To some degree, it always has been this way. For most of their output, the group have carefully edited and tweaked in post-production their improvisational suites to reflect this very notion, the provider of time and meter a kind of raw source of gravity. But, where 2018’s New Bodies was cluttered with ideas and spasms of inspiration, Timeslips is more hushed than rushed, and Dorrian’s contributions are all the more striking.
Take “Old Organs”, which Temporary Residence wisely released in advance of Timeslips’ 4 September street date. The percussive thrust is brilliantly colored, jewel-crusted glitch – with Dorrian’s kick drum and snare digitally touched-up and clipped unusually tight, practically to the point where they can’t be recognized. Behind him lay breathy pastels of organ and synth, but I dare you to take your ears off those flights of percussive pitter-patter, which eventually give way to a traditional kit’s roiling backbeat. Whether it’s Ollie Brown’s electronics or the plucking of Peter Hollo’s cello strings, you hear the insinuations of a bassy thrum, however slight, before the band starts to coalesce around the rhythmic center of it all. I dare you to find one moment when Dorrian isn’t crafting the narrative.
Tangents pull a similar trick on “Survival”. While the song’s central theme is a repeated measure on synthesizer, what makes the thing sing is how Dorrian dances and swings around the motif, more John McEntire than Can. If you stripped the entire composition of the percussion, it wouldn’t be a studied piece of ambient construction; it would sound sparse and even flaccid. Throw in a hypnotic shuffle of drums, though, something to spin the listener in circles as the synth casts the trance, and you’re onto something.

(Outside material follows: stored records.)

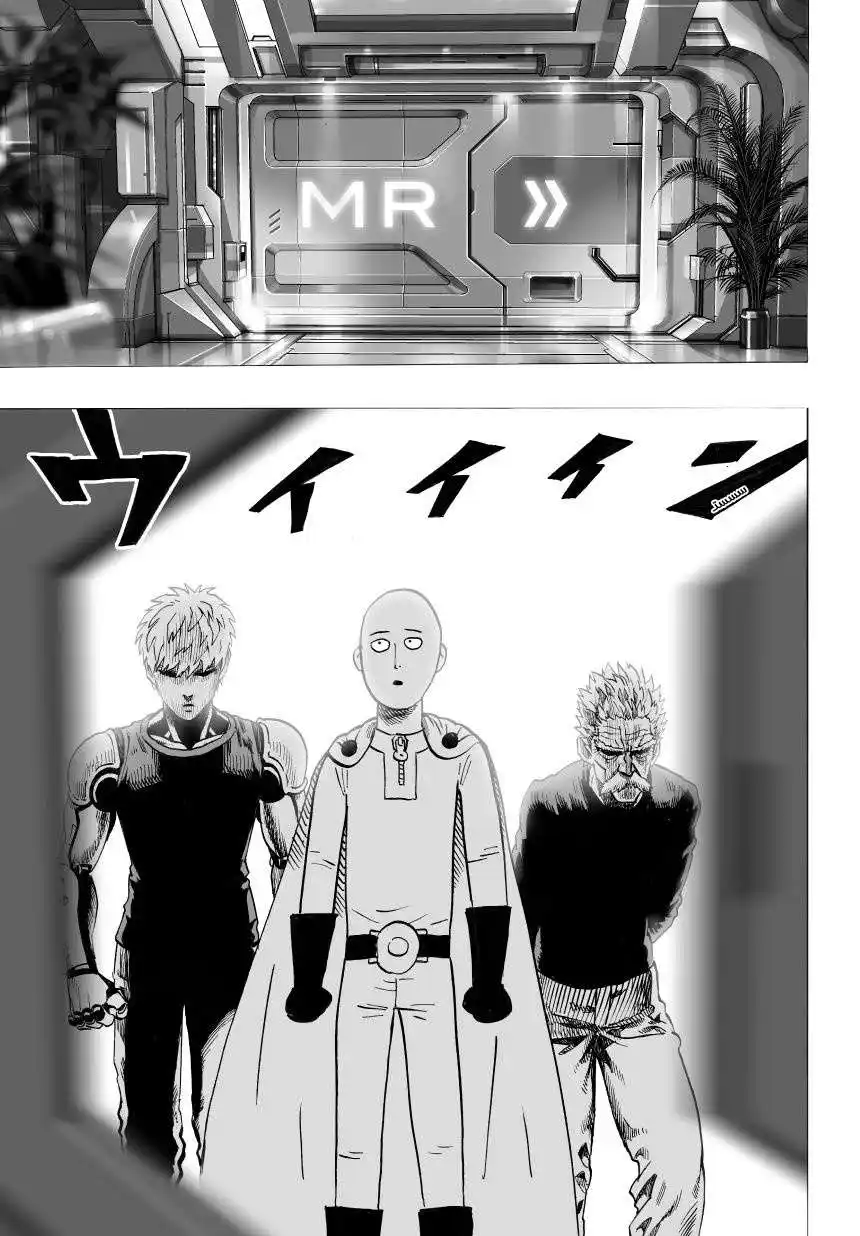 One Punch Man 29 - .1 página 11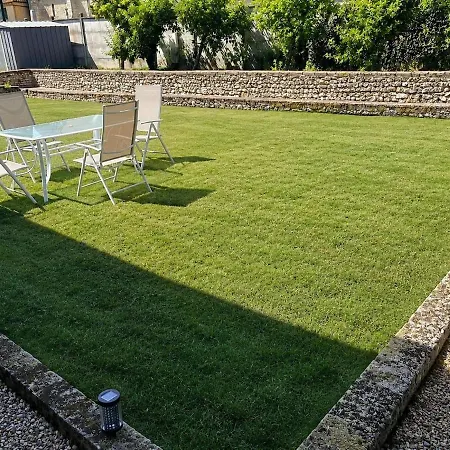 Maison Avec Jardin Semesterbostad *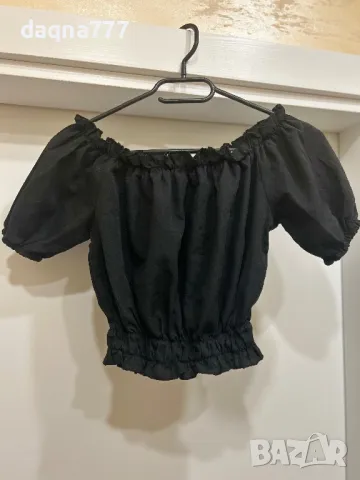 Топ/ блуза, снимка 6 - Корсети, бюстиета, топове - 49822845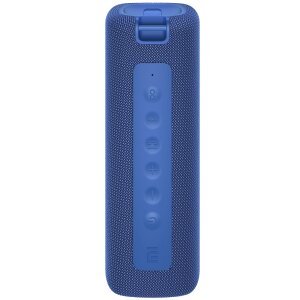 Boxa Portabila Bluetooth Xiaomi MI Portable, 2 x 8W, TWS, Waterproof, Albastra QBH4197GL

Elsewhere, Tangents toy with other conceits – or, more appropriately, try to do so. Though Adrian Kim-Klumpes is front and center on the opening of the excellent and atypical “Debris”, a later track, what’s interesting is how Kim-Klumpes paints piano arpeggios and textures around guitarist Sia Ahmad’s unusually clattery notes. Dorrian here is unusually muted, providing a Faustian kind of march. But it’s one of the few tracks on the new LP where the whole band feels engaged in making a racket; the piece closes with real notes of raucousness and audacity.
Piano and cello offer seductive subplots on the closing “Bylong”, which doesn’t require an editor’s heavy hand to make its intentions known. It’s almost a slightly pensive close – think the cinema of Tindersticks. Heavily manipulated keys star on “Vessel”, which is really the piece that opens the world to the possibilities of the LP after so-so opener “Exaptation”. Here, the repeated motifs, laid over ride-heavy cymbals and a dirgy murk of guitar noise, are the things that will stick in your brain.
Tangents have become adept at sculpting instrumental soundscapes that equal more than the sum of their parts. On Timeslips, though, more than any predecessor before it, it’s hard to imagine the terrain without the tracks laid down by Dorrian. There’s an intentionality behind the band cascading its narratives around the drums if past records are any indication. But, on the more muted moments, the band present on their new LP, the drums don’t just drive the narrative. They often become the narrative.